[PROBLEM TO WORK ON]
Copying rule for the data below: pictures stay out, and only the lines from the one with "9801 Collins Ave" down to the one with "turniejwzeliszewie25 (71)", inclusive, are repeated exactly.

[Opening ENTRIES PROVIDED section]

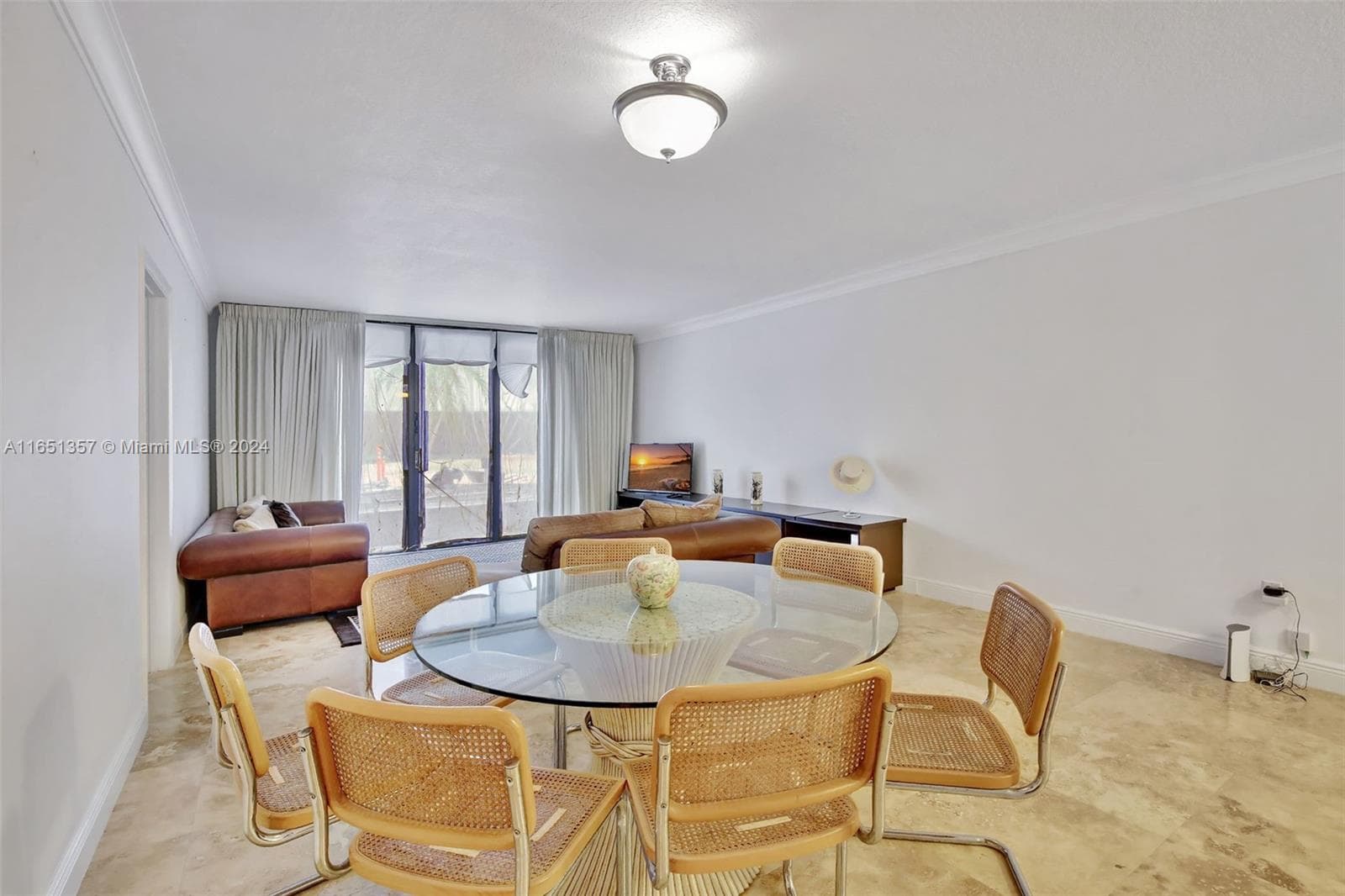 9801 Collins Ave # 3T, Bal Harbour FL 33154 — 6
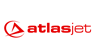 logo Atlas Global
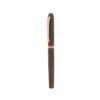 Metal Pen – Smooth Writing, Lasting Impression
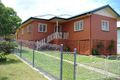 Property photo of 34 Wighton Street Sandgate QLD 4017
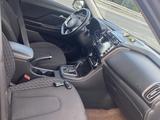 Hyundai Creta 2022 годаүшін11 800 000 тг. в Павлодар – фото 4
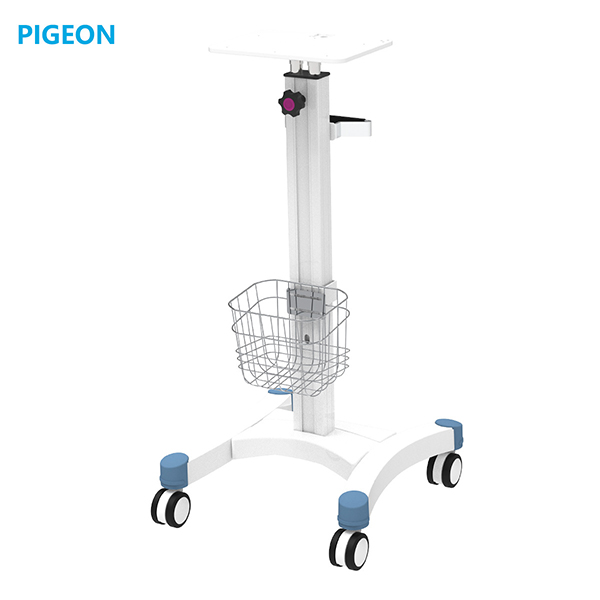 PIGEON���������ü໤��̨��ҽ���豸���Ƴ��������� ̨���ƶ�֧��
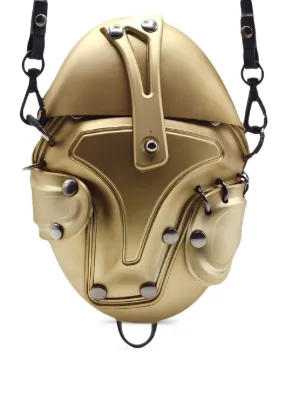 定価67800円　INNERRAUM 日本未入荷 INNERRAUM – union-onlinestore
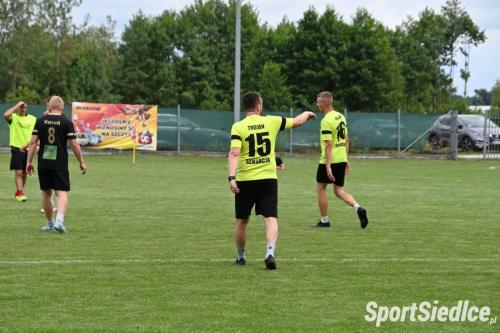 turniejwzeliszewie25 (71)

[Closing ENTRIES PROVIDED section]
[Opening ENTRIES PROVIDED section]

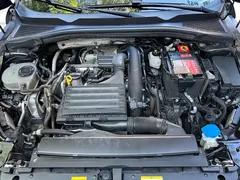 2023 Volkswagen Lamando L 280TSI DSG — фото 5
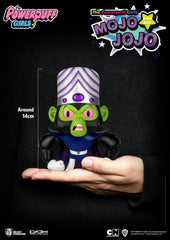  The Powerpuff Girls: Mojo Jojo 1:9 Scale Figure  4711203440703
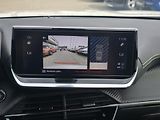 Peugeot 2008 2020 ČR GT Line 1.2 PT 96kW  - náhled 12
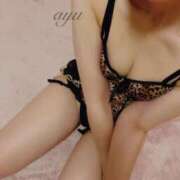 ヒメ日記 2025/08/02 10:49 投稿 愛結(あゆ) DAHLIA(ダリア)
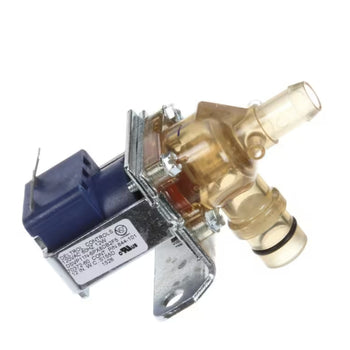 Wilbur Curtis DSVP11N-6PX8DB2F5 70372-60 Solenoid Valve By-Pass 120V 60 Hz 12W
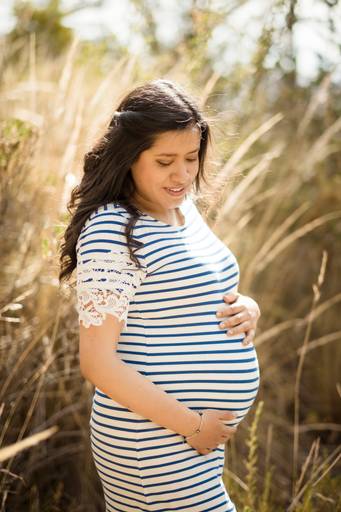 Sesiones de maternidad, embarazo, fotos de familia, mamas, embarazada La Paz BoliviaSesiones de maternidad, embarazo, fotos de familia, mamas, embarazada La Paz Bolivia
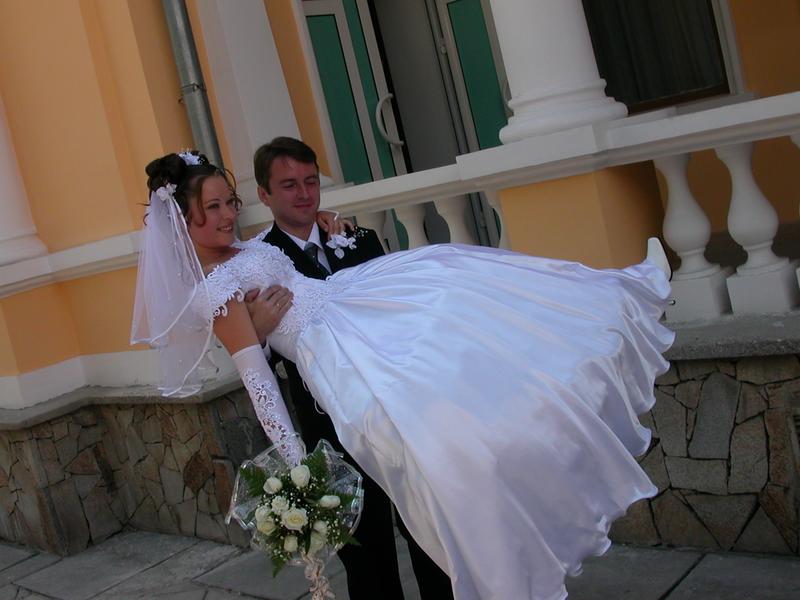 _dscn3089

[Closing ENTRIES PROVIDED section]
[Opening ENTRIES PROVIDED section]

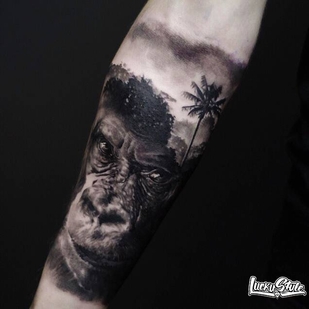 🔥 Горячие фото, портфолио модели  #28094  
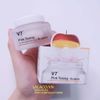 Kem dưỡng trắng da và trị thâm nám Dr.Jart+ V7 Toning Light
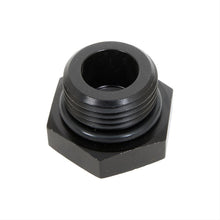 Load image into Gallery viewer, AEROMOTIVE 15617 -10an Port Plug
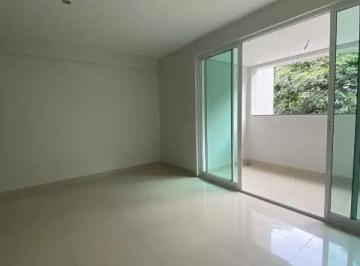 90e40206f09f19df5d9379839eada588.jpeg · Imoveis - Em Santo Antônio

[Closing ENTRIES PROVIDED section]

[REPLY]
 9801 Collins Ave # 3T, Bal Harbour FL 33154 — 6
 logo Atlas Global
 Metal Pen – Smooth Writing, Lasting Impression
 Property photo of 34 Wighton Street Sandgate QLD 4017
 Hyundai Creta 2022 годаүшін11 800 000 тг. в Павлодар – фото 4
 PIGEON���������ü໤��̨��ҽ���豸���Ƴ��������� ̨���ƶ�֧��
 定価67800円　INNERRAUM 日本未入荷 INNERRAUM – union-onlinestore
 turniejwzeliszewie25 (71)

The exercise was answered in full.